◆ Your assignment
Return every line of the entries that includes the word "Bone".

--- Provided entries Enclosed Below ---

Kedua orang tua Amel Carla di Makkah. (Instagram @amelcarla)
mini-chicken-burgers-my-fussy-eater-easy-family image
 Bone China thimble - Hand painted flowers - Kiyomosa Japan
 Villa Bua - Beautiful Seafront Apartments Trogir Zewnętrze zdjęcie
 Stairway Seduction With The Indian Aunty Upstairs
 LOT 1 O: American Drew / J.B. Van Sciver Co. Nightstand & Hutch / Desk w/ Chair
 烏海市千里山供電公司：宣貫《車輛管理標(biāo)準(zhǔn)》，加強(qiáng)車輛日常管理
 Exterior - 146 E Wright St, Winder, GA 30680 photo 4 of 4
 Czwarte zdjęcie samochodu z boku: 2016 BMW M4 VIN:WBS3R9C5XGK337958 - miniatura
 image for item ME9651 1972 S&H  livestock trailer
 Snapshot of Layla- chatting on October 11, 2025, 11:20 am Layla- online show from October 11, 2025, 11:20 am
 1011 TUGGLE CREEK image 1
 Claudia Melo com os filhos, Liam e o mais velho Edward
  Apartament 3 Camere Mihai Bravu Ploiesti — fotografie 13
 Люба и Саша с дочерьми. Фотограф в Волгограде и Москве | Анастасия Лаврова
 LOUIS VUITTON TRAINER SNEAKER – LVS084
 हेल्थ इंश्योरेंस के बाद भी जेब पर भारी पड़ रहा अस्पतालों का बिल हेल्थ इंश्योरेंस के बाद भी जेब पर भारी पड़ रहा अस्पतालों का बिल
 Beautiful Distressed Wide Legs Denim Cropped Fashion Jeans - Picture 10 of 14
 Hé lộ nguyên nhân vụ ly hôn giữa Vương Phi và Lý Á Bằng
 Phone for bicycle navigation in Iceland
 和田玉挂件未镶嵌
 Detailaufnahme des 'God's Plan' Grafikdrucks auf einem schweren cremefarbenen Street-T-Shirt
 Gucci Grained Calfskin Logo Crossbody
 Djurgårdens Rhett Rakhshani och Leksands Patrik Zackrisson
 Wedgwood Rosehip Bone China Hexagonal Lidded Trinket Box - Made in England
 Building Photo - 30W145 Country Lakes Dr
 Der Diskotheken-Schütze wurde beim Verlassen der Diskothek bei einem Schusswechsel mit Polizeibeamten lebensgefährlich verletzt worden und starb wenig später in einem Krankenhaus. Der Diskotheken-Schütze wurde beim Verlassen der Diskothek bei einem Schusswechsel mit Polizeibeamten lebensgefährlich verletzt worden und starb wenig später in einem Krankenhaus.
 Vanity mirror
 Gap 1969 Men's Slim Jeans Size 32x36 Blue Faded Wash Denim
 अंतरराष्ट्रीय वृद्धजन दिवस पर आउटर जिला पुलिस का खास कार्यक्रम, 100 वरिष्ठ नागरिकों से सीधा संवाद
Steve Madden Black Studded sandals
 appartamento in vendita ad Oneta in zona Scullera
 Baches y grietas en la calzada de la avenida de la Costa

--- End of Enclosed Provided entries ---

◆ Answer area
 Bone China thimble - Hand painted flowers - Kiyomosa Japan
 Wedgwood Rosehip Bone China Hexagonal Lidded Trinket Box - Made in England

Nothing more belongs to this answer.